We used the T-maze test for assessing the spatial short-term memory and alternation behavior, analyzing the animals' ability to recognize and differentiate between a new unknown and a familiar compartment. The performance of the treated DM-Tau-tg was compared with that of the nontreated DM-Tau-tg and to non-tg mice (n = 10) (23).
All data are presented as mean ± SEM, and statistical analysis was performed using the SPSS 14.0 software. The unpaired Student t-test or the nonparametric Mann-Whitney U test was used for the comparison of quantitative variables between 2 groups, where appropriate. The Spearman rank correlation was calculated between pairs of quantitative variables. For the T-maze analysis, the unpaired t-test was used for comparison between the 2 groups (23).
Simvastatin Treatment Decreased NFT Burden and Microglial Lectin Positivity in Brains of Normocholesterolemic DM-Tau-tg Mice
We first treated DM-Tau-tg mice, under standard diet conditions, with the widely used BBB-permeable statin, simvastatin, to achieve maximum accessibility of the drug to the brain. This treatment was administered for 1 month starting when the mice were 9 months of age, when NFT deposition is already established in this model (which begins at 6 months). There was a significant decrease of tau pathology/NFT burden, as indicated by the significant decrease in Gallyas-positive cells in the cerebral cortex, hippocampus, and brainstem (Fig. 1; p = 0.018). This decrease in NFTs was further confirmed by IHC with AT8 and AT180, which revealed a significant decrease of 31% and 25%, respectively, compared with nontreated controls (Fig. 2; p = 0.005 and p = 0.02, respectively). A significant reduction (28.7%) in microglial burden in brain assessed by lectin staining was also observed (Fig. 3; p < 0.0001). Plasma cholesterol levels were comparable between treated and untreated mice (2.72 ± 0.22 mmol/L and 2.9 ± 0.16 mmol/L [mean ± SEM], respectively).
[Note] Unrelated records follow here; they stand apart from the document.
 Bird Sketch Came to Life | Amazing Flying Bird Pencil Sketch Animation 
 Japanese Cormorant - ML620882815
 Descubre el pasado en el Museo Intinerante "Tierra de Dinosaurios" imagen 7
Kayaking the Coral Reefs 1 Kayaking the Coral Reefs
No difference was noticed in reactive astrocytes by GFAP staining (data not shown).
When this therapy was administered at an early age (i.e. 4 months), before onset of NFTs, and for a longer 8-month duration to achieve a maximal effect (Experiment II), there was again a robust decrease in treated versus control NFTs, as assessed by Gallyas staining (30%, p = 0.005). Immunoblotting of sarcosyl-insoluble brain fractions with the human tau Ab Tau-13 revealed a similar trend: there was a decrease of 24.8% in the ratio of sarcosyl-insoluble (pellet) to soluble (supernatant) human tau in the simvastatin-treated compared with tg-controls (0.266 ± 0.06 and 0.20 ± 0.01, respectively); this did not achieve statistical significance. The treated animals showed also an improvement in memory deficits, as indicated by the improved T-maze performance (i.e. a longer time spent in the unfamiliar arm compared with nontreated mice; p = 0.049) (Fig. 4).
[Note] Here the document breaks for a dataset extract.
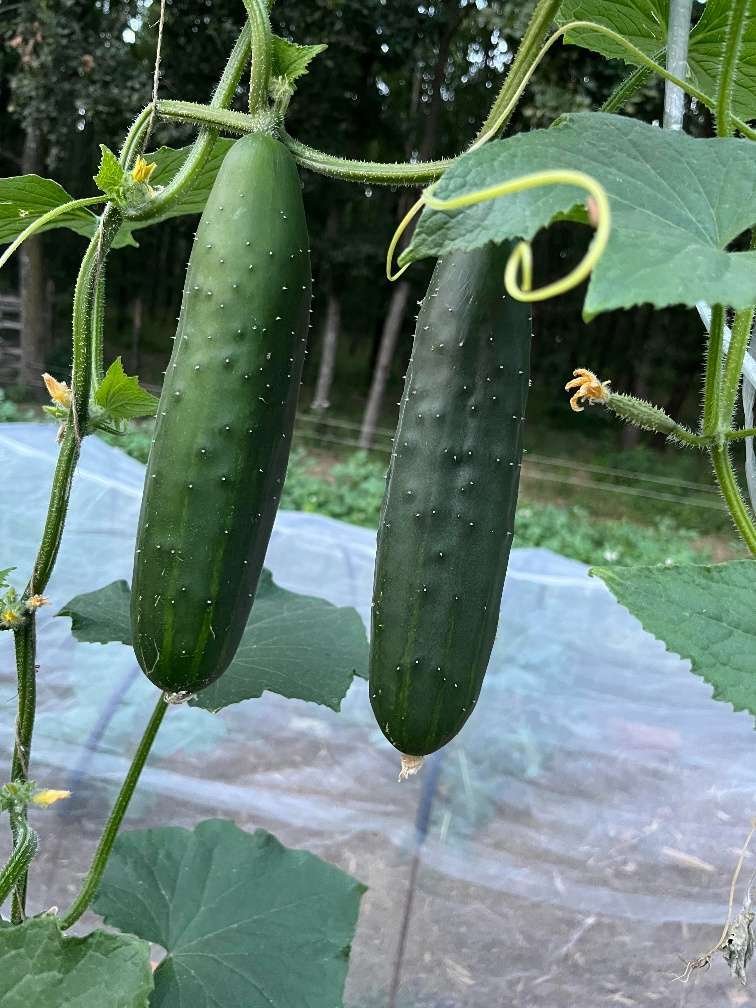 Natuurdorp Balaton: Verwezenlijk uw droom van zelfvoorzienend leven – bei Lengyeltóti, foto 20 van 59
Atorvastatin Treatment Decreased NFT Burden and Microglial Staining in Brains of Hypercholesterolemic DM-Tau-tg Mice
We next explored the anti-NFT effect of statins under conditions that may have therapeutic and applicable relevance, as follows: 1) feeding the mice with a high-fat diet (western diet, characteristic to western countries) to induce hypercholesterolemia, which is considered a risk factor for AD (33); and 2) using the third-generation statin, atorvastatin, which does not cross the BBB, thereby potentially eliminating possible CNS-related adverse effects of statins (33, 34). Accordingly, 4-month-old hypercholesterolemic DM-Tau-tg mice fed with a western diet were treated with atorvastatin for 5 months. There was a 13% reduction in plasma cholesterol levels in the atorvastatin-treated animals compared with the nontreated controls (3.8 ± 0.13 mmol/L and 4.3 ± 0.25 mmol/L, respectively). As shown in Figure 5, this regimen resulted in a substantial reduction in NFT burden, indicated by a 59% decrease in immunoreactivity against the phosphorylated residues 202/205 (with AT8 antibody) and of 53% against residue 231 (AT180 antibody; p < 0.0001). In addition, there was a 20.3% reduction in microglia burden, as assessed by lectin staining (p < 0.0001; Fig. 6). No difference was detected in reactive astrocytes, as assessed with GFAP staining (data not shown). These results show that the BBB-impermeable statin atorvastatin was also effective in reducing the NFT burden.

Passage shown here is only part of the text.